Gilmar Mendes sustentou que as hipóteses de recusa de magistrado previstas no Código de Processo Civil não se aplicam aos processos penais.

“Ao ser intimado da decisão favorável ao Ministério Público, o procurador-geral da República não recusou o signatário. Apenas depois de uma nova decisão, contrária à acusação, resolveu agir e, ainda assim, a destempo”.

“Trata-se da velha estratégia, tantas vezes combatida pelo Ministério Público, de recusar juízes que decidem desfavoravelmente à parte”, afirmou.

“Escritórios de advocacia não são compartimentos estanques. Sociedades de advogados são formadas, desmembradas e dissolvidas. Advogados empregados são contratados e demitidos. Tudo sem grande alarde ou publicidade. Por tudo, para observar a regra de impedimento, não basta verificar o nome do advogado constante da atuação.”

“É indispensável verificar as peças do processo, checando o papel timbrado no qual veiculadas as petições. (…) “Grande parte da força de trabalho de meu gabinete está envolvida na verificação de impedimentos, deixando de auxiliar no julgamento das causas.”

Gilmar Mendes lembrou que “dois dias após o protocolo da presente arguição, o ministro Marco Aurélio encontrou uma saída criativa para o problema. Enviou ofício à presidência deste Tribunal, postulando a anotação do impedimento em relação a quatro de seus parentes com atuação na área jurídica. Com isso, tentou transferir de seu gabinete para a presidência o ônus de verificar as causas de impedimento e de suspeição”.

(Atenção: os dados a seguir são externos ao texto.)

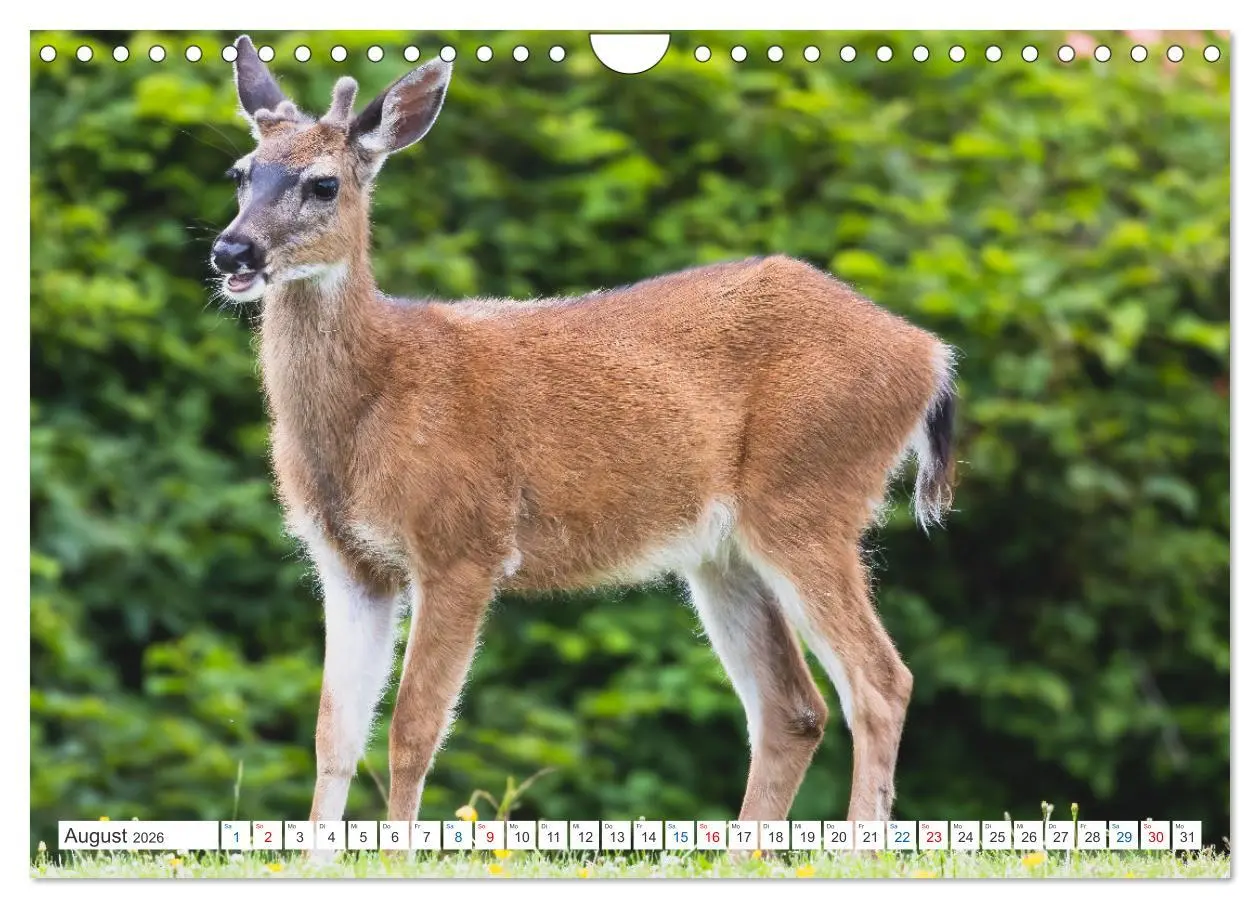Bild: 9783457559116 | Kanadas Tierwelt - Bären, Wale und vieles mehr (Wandkalender 2026...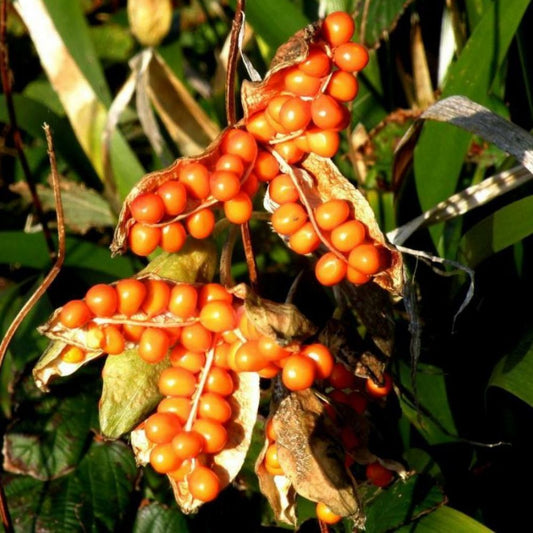 5 Iris Foetidissima Coral Iris Seeds For Planting | www.seedsplantworld.com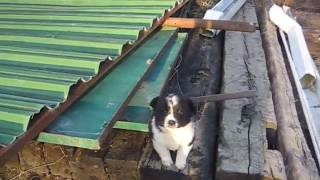 Горячий Ключ. В хорошие руки щенки видео Щенок, упавший в горячий гудрон, был обречен. Но случилось чудо...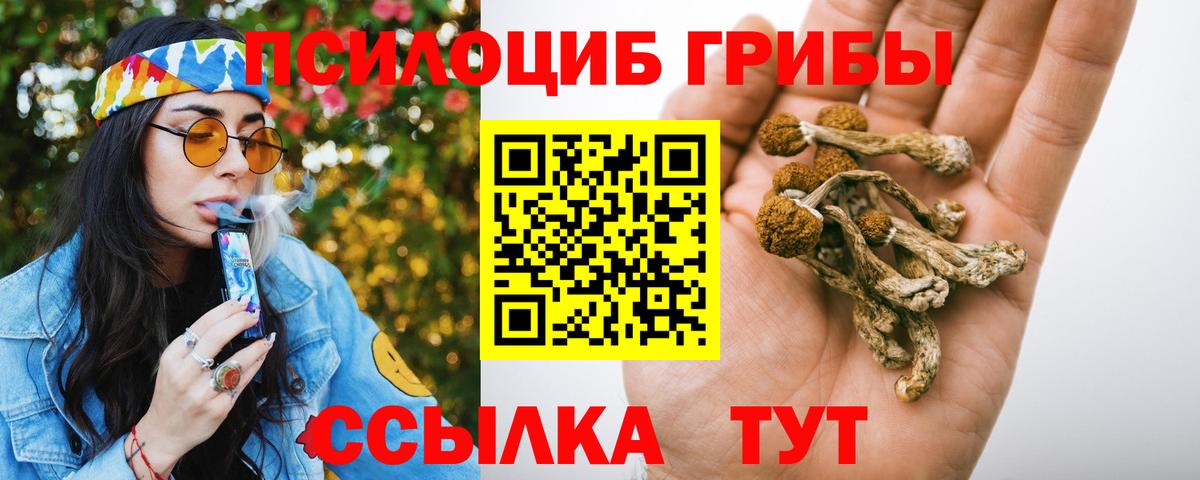 Псилоцибиновые грибы Magic Shrooms Звенигород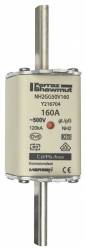 Ferraz Shawmut Y216704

“Pela regra, o juiz não pode atuar em causas envolvendo clientes de escritório de parente seu, ainda que, na causa em julgamento, outro escritório o defenda. Para saber se a parte é cliente do escritório do parente, o julgador teria que realizar uma due diligence, indagando ao escritório de seu parente sobre a existência do impedimento.”

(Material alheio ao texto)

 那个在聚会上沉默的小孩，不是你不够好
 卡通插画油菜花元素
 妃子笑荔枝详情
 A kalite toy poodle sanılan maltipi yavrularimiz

“Considerados os mais de 17.000 julgamentos em que um ministro da Corte atua em um ano, o custo administrativo de fazer essa pesquisa, antes de cada um, seria incalculável. Estaria o escritório do parente do juiz obrigado a arcar com as despesas do trâmite sem esperar remuneração?”

“Mesmo que o juiz indagasse ao parente sobre relações de seu escritório com a parte, haveria o dever de o advogado responder? Muitos contratos advocatícios são privados, ou mesmo, secretos. A atividade do advogado não se resume a postular em Juízo.”

“O fato é que a lei simplesmente previu a causa de impedimento, sem dar ao juiz o poder ou os meios para pesquisar a carteira de clientes do escritório do parente.”

“Logo em seguida à presente arguição, foi amplamente noticiado que a filha do procurador-geral da República é advogada de empresas implicadas na Lava Jato.”

“A ação do Dr. Janot é um tiro que sai pela culatra. Animado em atacar, não olhou para a própria retaguarda. As verdadeiras vítimas de sua imprudência foram as altas instituições do Supremo Tribunal Federal e da Procuradoria-Geral da República”.

Gilmar Mendes sustenta que, de acordo com nota do advogado Sérgio Bermudes, sua mulher “não é credora do paciente” [Eike].

“Se o argumento do crédito fosse levado à última instância, talvez a atuação do procurador-geral da República pudesse ser desafiada, visto que sua filha pode ser credora por honorários advocatícios de pessoas jurídicas envolvidas na Lava Jato.”

“Com toda a razão, o próprio procurador-geral da República defendeu, em nota à imprensa, que a hipótese do art. 144, VIII, do CPC, se aplicável à pessoa jurídica, não contamina a atuação em relação a processos de seus sócios”.

“Argumento de esperto e não de expert“, concluiu.